In [1]:
# this script will plot the visibility scores of each landmark from the run.py output in the home video analysis pipeline 
# goal: determine if horizontal vs vertical videos can be used, which pose landmarks to focus on for metrics, etc? 

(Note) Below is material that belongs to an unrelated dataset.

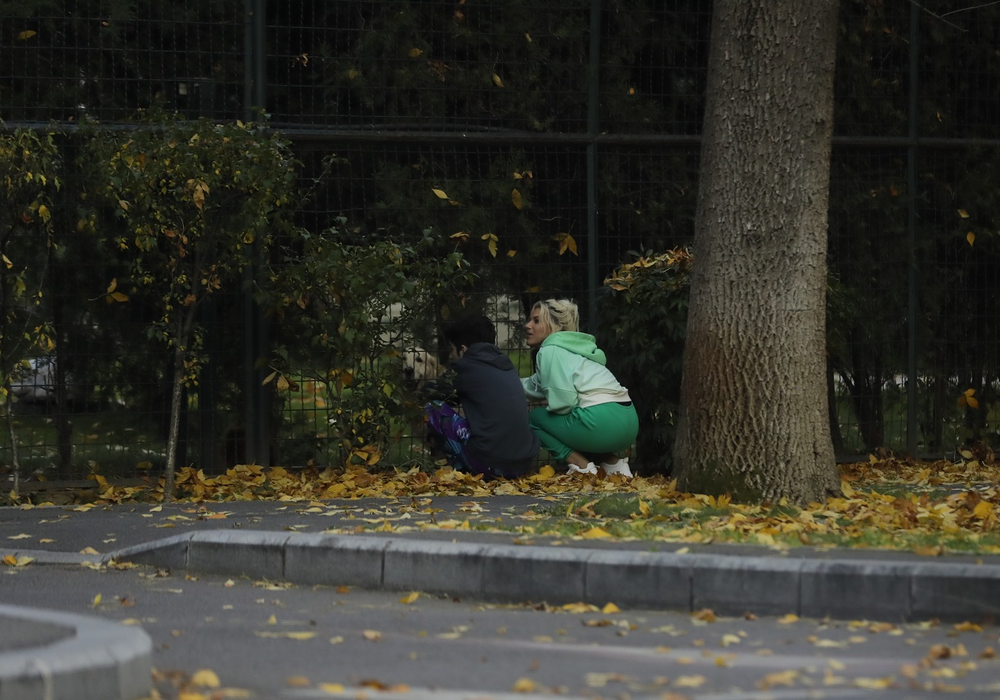 Amna este însoțită pretutindeni de fotograful personal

# reference for plots using seaborn - https://python-graph-gallery.com/36-add-jitter-over-boxplot-seaborn/ 
    # start with this - violin if messy 


In [2]:
# import packages 
import matplotlib.pyplot as plt 
import pandas as pd 
import seaborn as sns
import os

In [3]:
# practice walking through all files in a folder 
# current folder organization - all run.py files in same folder 
    # 3 total files per trial - pose_landmrks, world_landmarks, yolo 

#dir in path = run.py outputs 
dir_in_path = r'..\..\temp\main_branch_outputs\000_run'

# dir out path 
dir_out_path = r'..\..\temp\main_branch_outputs\003_plot_vis_scores'

# create blank data frame 
df = pd.DataFrame(columns = ['X', 'Y', 'Z',	'vis', 'pres', 'frame', 'label',  'filename'])

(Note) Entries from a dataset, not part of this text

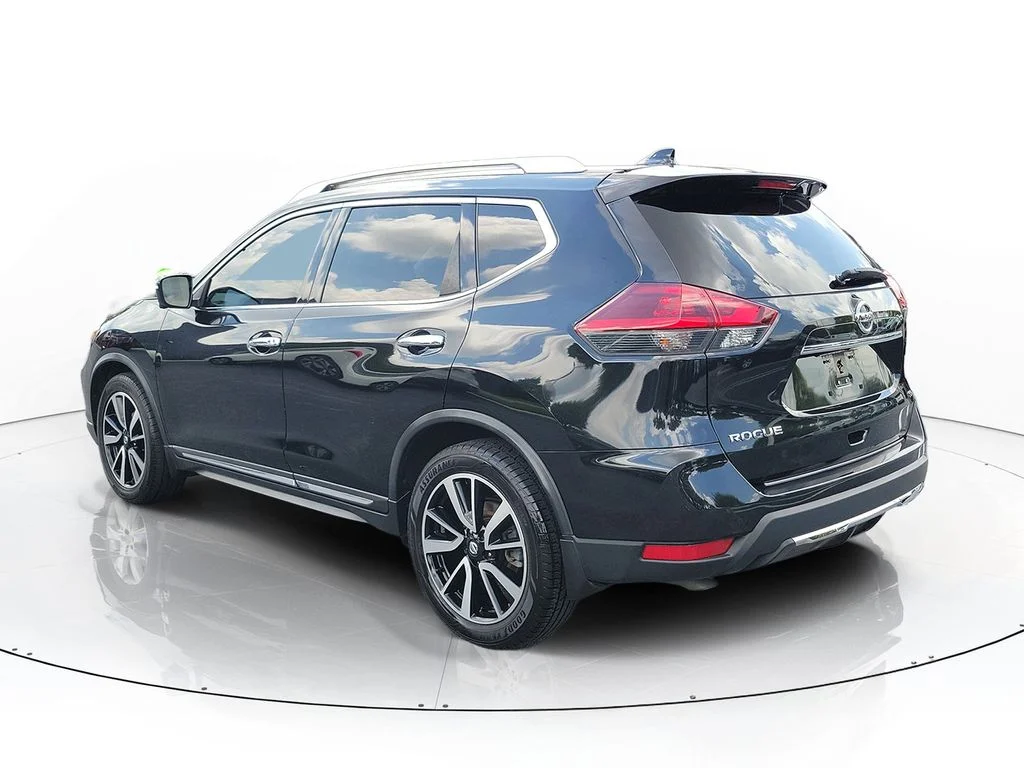 Used 2018 Black Nissan SL image 5
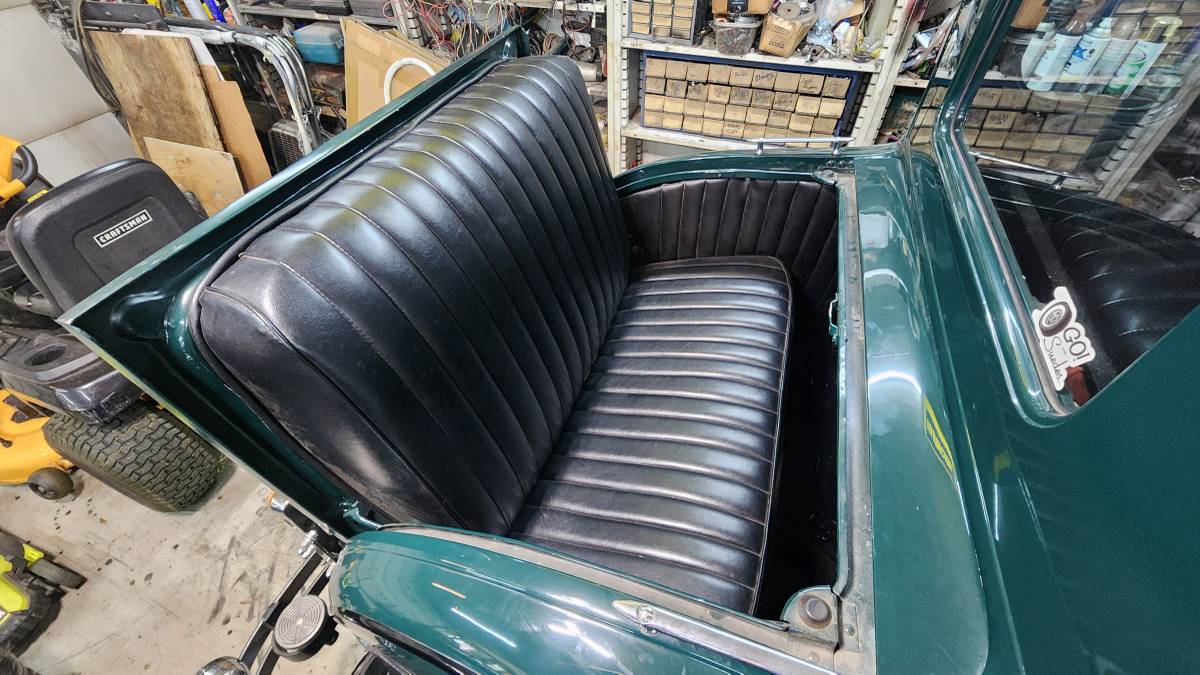 Ford-model-a-1931-green-9
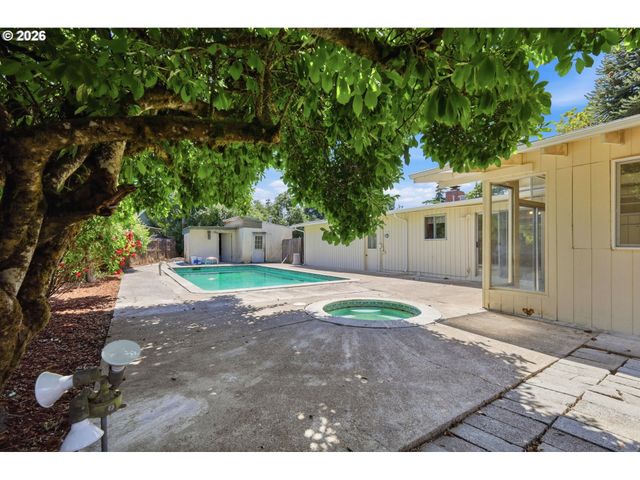 1995 SMITHOAK St, Eugene, OR 97404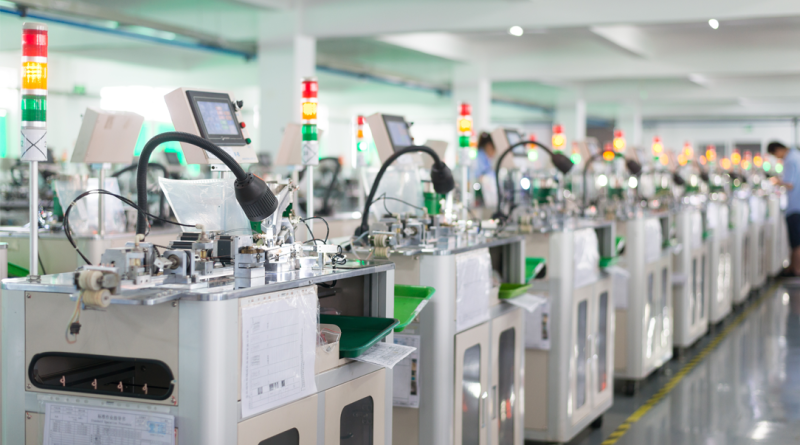 Electronic connector manufacturing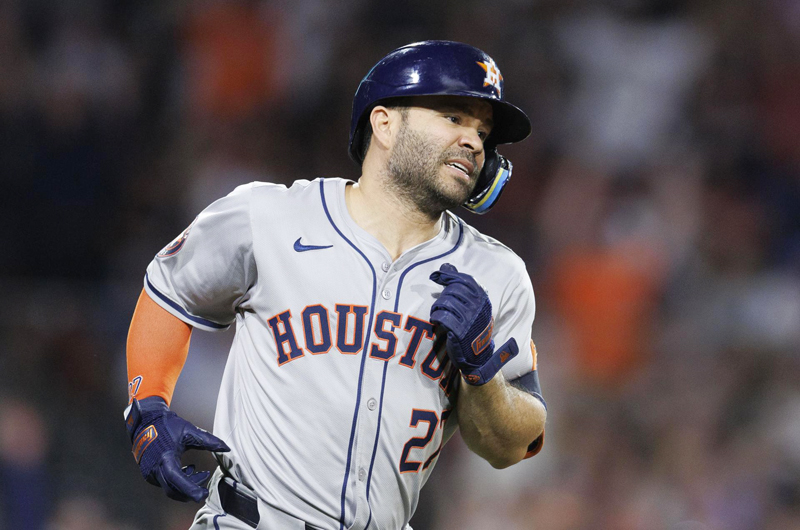 El venezolano José Altuve encabeza a once latinos ganadores del Bate de Plata en la MLB 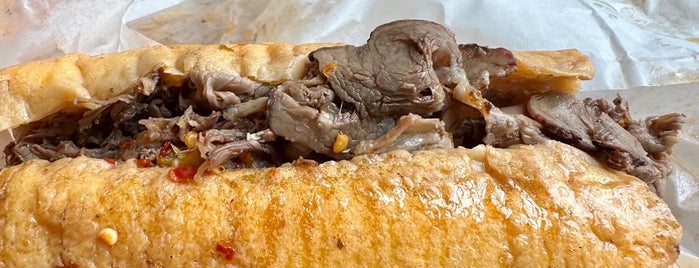 Al's #1 Italian Beef is one of Chicago To Do.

# read all data from run.py outputs, add column with filename, append to create one data frame 
for (dir_path, dir_names, file_names) in os.walk(dir_in_path):
    print('dir_path: ' + dir_path)

    # loop through each file in dir_in_path
    for file_name in file_names: 
        if 'world' not in file_name and 'yolo' not in file_name: 
            # save file name and save extension 
            name, ext = os.path.splitext(file_name)

            # create full path to input file to read 
            file_in_path = os.path.normpath(os.path.join(dir_path, file_name))
            print('file_in_path: ' + file_in_path)

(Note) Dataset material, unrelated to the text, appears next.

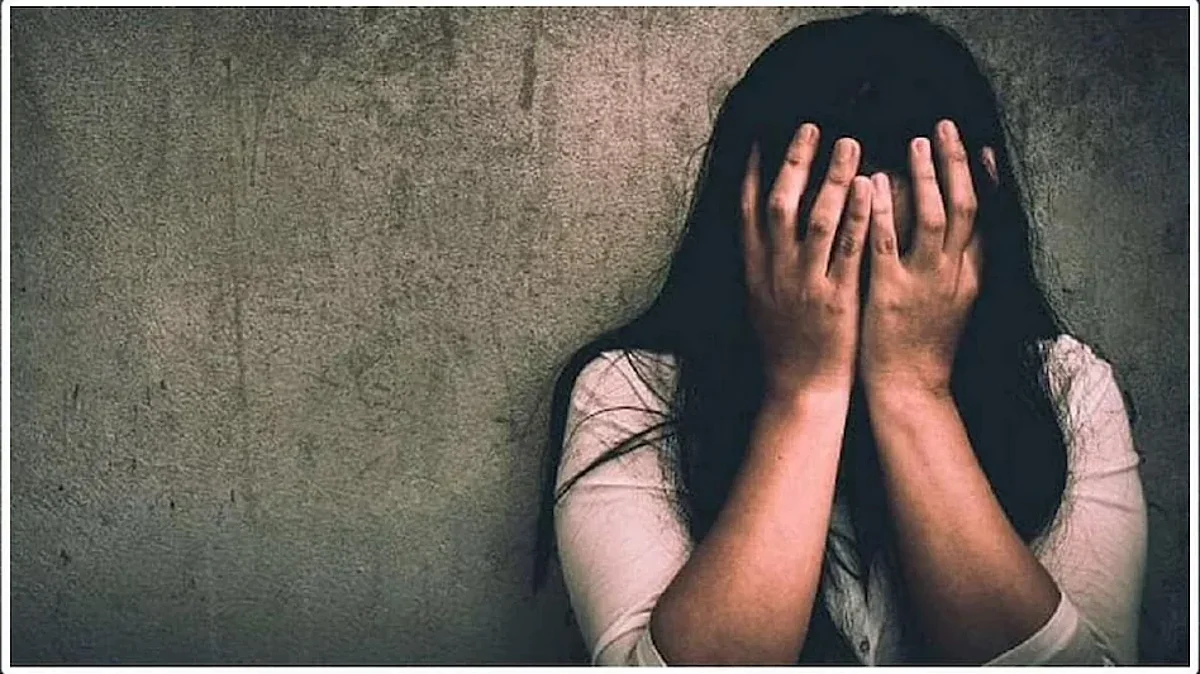 Rape News: शादी का झांसा देकर रेप के आरोपी पुलिसकर्मी के खिलाफ FIR दर्ज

            # read current df 
            current_df = pd.read_csv(file_in_path, index_col = 0)
            
            # add file name to last column 
            current_df['filename'] = name

            # append current_df to df 
            df = pd.concat([df, current_df]) 

# drop rows with all missing data 
df = df.dropna(how='all')

dir_path: ..\..\temp\main_branch_outputs\000_run
file_in_path: ..\..\temp\main_branch_outputs\000_run\DS_HC_gait_horizontal_left_mediapipe.csv
file_in_path: ..\..\temp\main_branch_outputs\000_run\DS_HC_gait_horizontal_right_mediapipe.csv


  df = pd.concat([df, current_df])


file_in_path: ..\..\temp\main_branch_outputs\000_run\DS_HC_gait_vertical_left_mediapipe.csv
file_in_path: ..\..\temp\main_branch_outputs\000_run\DS_HC_gait_vertical_right_mediapipe.csv
file_in_path: ..\..\temp\main_branch_outputs\000_run\MM_HC_10steps_away_0_mediapipe.csv
file_in_path: ..\..\temp\main_branch_outputs\000_run\MM_HC_10steps_away_1_mediapipe.csv
file_in_path: ..\..\temp\main_branch_outputs\000_run\MM_HC_10steps_towards_0_mediapipe.csv
file_in_path: ..\..\temp\main_branch_outputs\000_run\MM_HC_10steps_towards_1_mediapipe.csv
file_in_path: ..\..\temp\main_branch_outputs\000_run\MM_HC_17ft_walk_mediapipe.csv
file_in_path: ..\..\temp\main_branch_outputs\000_run\MM_HC_vertical_0_mediapipe.csv
file_in_path: ..\..\temp\main_branch_outputs\000_run\MM_HC_vertical_1_mediapipe.csv
file_in_path: ..\..\temp\main_branch_outputs\000_run\MM_HC_vertical_2_mediapipe.csv
file_in_path: ..\..\temp\main_branch_outputs\000_run\NW_HC_gait_vertical_left_mediapipe.csv
file_in_path: ..\..\temp\main_

In [4]:
# add new column with horizontal vs vertical video based on task 
task = df['filename'].apply(
    lambda x: 'horizontal' if 'horizontal' in x else ('vertical' if 'vertical' in x else None)
)

df['task'] = task 

In [5]:
# filter out MM files - I did different task and wasn't recorded at home 
filtered_df = df[~df['filename'].str.contains('MM')]

# check filtered correctly 
print(pd.unique(filtered_df['filename']))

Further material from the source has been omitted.